Seriously. I'll spare everyone the rant (well, this kinda is a rant) this time. Same old crap.

A few forumites here have seen me play - I'm not flashy, but damn steady.

I'll play anything except metal, hardcore, dance, rap. 

Rock, classic rock, blues, country etc etc...

Good gear, quick study and I sing. 

I'm reliable and don't like wasting people's time. 

I don't drool when I play, and only occassionally send flying drop kicks if one of my fellow band-mates is acting guitarded!


----------



## ne1roc (Mar 4, 2006)

You do one of these every 6 months?  
If you lived in Mississauga, I would love to have you play with us!


----------



## I_cant_play (Jun 26, 2006)

> I'll spare everyone the rant


oh come on! why would you do that? Come on now give us the dirt..


----------



## james on bass (Feb 4, 2006)

I_cant_play said:


> oh come on! why would you do that? Come on now give us the dirt..


just use the search function. I've bitched enough on here about the lack of commitmant and lame-ass excuses from a couple of my band-mates.


----------



## noobcake (Mar 8, 2006)

Eh I've read your other posts and that really sucks, what a bunch of lame asses:zzz:. Anyhow, you're doing the right thing and once you kick off with a new and better band I'm sure it'll be smooth sailing. Good luck!


----------



## peter benn (Mar 29, 2007)

Honestly, with the demand there is for bass players, you should be able to just post on craigslist as a freelancer, and not budge from your home for less than $100.


----------



## james on bass (Feb 4, 2006)

Oh, it just keeps getting better..........

Monday the drummer said he couldn't do the gig this Friday. Tuesday he said he would be there.

Today I get an email at work saying he is definitely not doing the gig!!!

No way in hell am I cancelling a gig again!!! I got on the phone, 10 minutes later I was paged, and I had a drummer lined up to fill in. Haven't spoken to the drummer in over a year, but he was just looking up my number to get me as a fill-in for his band in August, so it worked out for both of us.

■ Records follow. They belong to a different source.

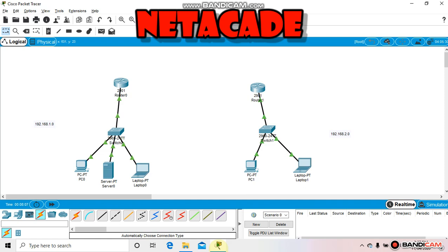Hey guys, welcome once again to my channel. In my last video I showed you how to assign IP addresses on router and PC, and today I'm going to discuss more about how we assign IP addresses on serial ports. Till now we only did it on Ethernet port, but today I'm going to show you how we assign IP addresses on serial port.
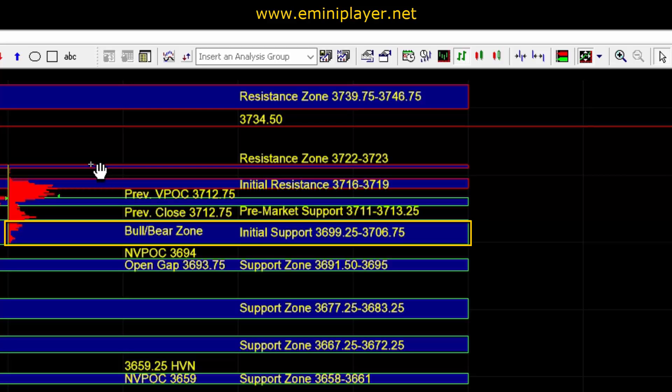If buyers are holding ES above the more aggressive area of support of 37.11 to 13.25, that would signal continued strength.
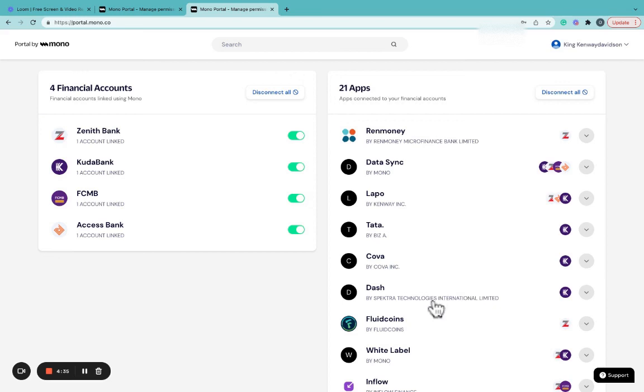That will be all on Portal. You can now monitor and manage access to your data using Portal by Mono.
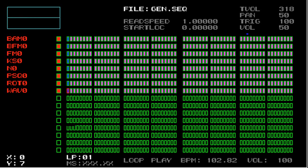So the final generator I'm going to talk about is WAV, or the WAV file playback generator. This is used for playback of WAV files, as you might be able to guess.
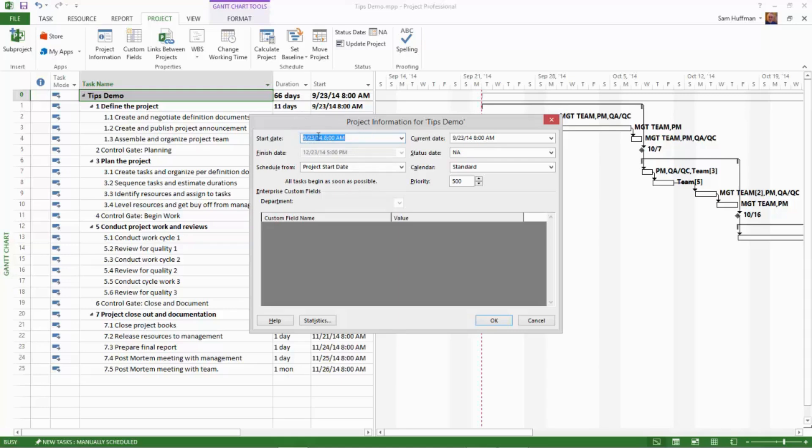You also learned something else here today. Project understands date labels like today or tomorrow.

Guitarist is nervous as hell, but we'll make it through the gig I'm sure.


----------



## Budda (May 29, 2007)

that sucks.

im moving to london for the school year, and one of the guys is a drummer, and his brother plays guitar. we're hoping to maybe get a band together, learn some covers and play a bar or two for money.

if our other roomies are ok with it, i could contact ya later for a jam session - but the drummer is rusty (he's pro when he's not, pretty good when he is )


----------